At issue in the case was whether Elauf needed to explicitly volunteer during her interview that she wore the head scarf for religious reasons. Abercrombie said this action was necessary to trigger a federal law that prevents religious discrimination in hiring and requires employers to either offer an accommodation or say why it would impose a substantial burden.
Both liberal and conservative justices questioned Abercrombie lawyer Shay Dvoretzky about why the company could not outline its policies — in this case, the clothing retailer prohibited head coverings — and ask the applicant whether it would be impossible to comply.
The question, Justice Sonia Sotomayor said, would be as simple as, “You have a problem with that?”
Dvoretzky said that would be “asking employers to treat applicants differently based on stereotypes or assumption about whether something is likely a religious practice.”
He said the EEOC’s rule “would lead employers to treat people differently based on their religion, which is precisely the opposite of what Title VII wants,” referring to the anti-discrimination statute.
Justice Ruth Bader Ginsburg responded: “Title VII requires them to treat people who have religious practice differently. They don’t have to accommodate a baseball cap. They do have to accommodate a yarmulke.”
Justice Samuel A. Alito Jr. proposed a hypothetical that he said “is going to sound like a joke, but, you know, it’s not.”
He envisioned four job applicants: “The first is a Sikh man wearing a turban, the second is a Hasidic man wearing a hat, the third is a Muslim woman wearing a hijab, the fourth is a Catholic nun in a habit.”
Alito continued, “Now, do you think . . . that those people have to say, ‘we just want to tell you, we’re dressed this way for a religious reason. We’re not just trying to make a fashion statement.’”
In Elauf’s case, the interviewer and a supervisor conferred and agreed they thought Elauf wore the hijab for religious reasons. They then concluded she could not meet the company’s “Look Policy,” which promotes an East Coast collegiate preppy style that prohibits caps and the color black.
Deputy Solicitor General Ian H. Gershengorn ran into trouble with some justices in trying to come up with a standard for how sure an employer would need to be that an applicant might need a religious accommodation if the information wasn’t volunteered.
But he said that was unnecessary here. “If the employer had not assumed that this was religious, had not believed it, they would have hired her,” Gershengorn said. “The default rule for ‘I’m not sure’ is hire.”
Only Justice Antonin Scalia voiced support for Abercrombie’s view of the case.

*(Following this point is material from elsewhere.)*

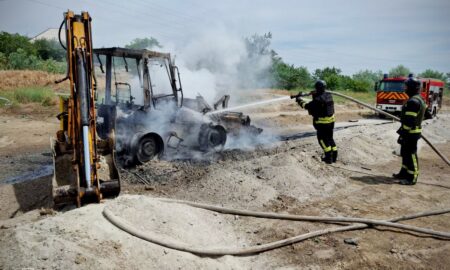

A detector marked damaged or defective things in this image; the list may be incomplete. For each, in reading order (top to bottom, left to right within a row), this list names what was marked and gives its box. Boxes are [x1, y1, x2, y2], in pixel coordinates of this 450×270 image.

burnt excavator [51, 9, 119, 206]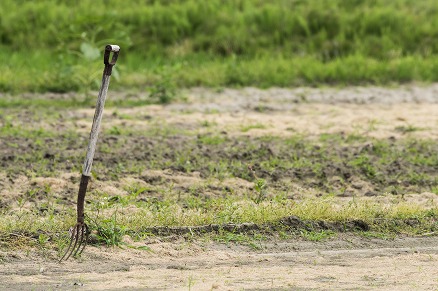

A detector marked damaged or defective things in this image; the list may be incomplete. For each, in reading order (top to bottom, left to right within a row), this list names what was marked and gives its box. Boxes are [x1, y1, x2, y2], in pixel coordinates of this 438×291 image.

“You could avoid those hard questions — whether it’s understand, believe, suspect — by adopting the rule that the court of appeals adopted here, and that is, if you want to sue me for denying you a job for a religious reason, the burden is on you to say, ‘I’m wearing the head scarf for a religious reason, or I’m wearing the beard for a religious reason,’” Scalia said.
But Ginsburg said that Elauf was not even aware the company had a policy against head scarves.
“How could she ask for something when she didn’t know the employer had such a rule?” Ginsburg said.
Justice Elena Kagan seemed to agree with Gershengorn that the point of the law was to encourage a dialogue about whether religious accommodations were required, and that might involve “awkward” conversations.
Abercrombie’s policy, she said, seemed to be that simply not hiring certain people means it may avoid stereotypes.
“Now, between those two options, the option of using a stereotype to make sure that somebody never gets a job and using a stereotype to have an awkward conversation, which does this statute seem to think is the worst problem?” she asked.
While religious and civil liberties groups backed Elauf, business groups supported Abercrombie.
But it was unclear why the company continued to fight Elauf’s claim. A jury awarded her $20,000 in damages after a district judge said her claim could go forward. The Denver-based U.S. Court of Appeals for the 10th Circuit reversed the decision.
But the company has since changed its policy on head scarves and settled similar lawsuits elsewhere.
The case is Equal Employment Opportunity Commission v. Abercrombie & Fitch Stores, Inc.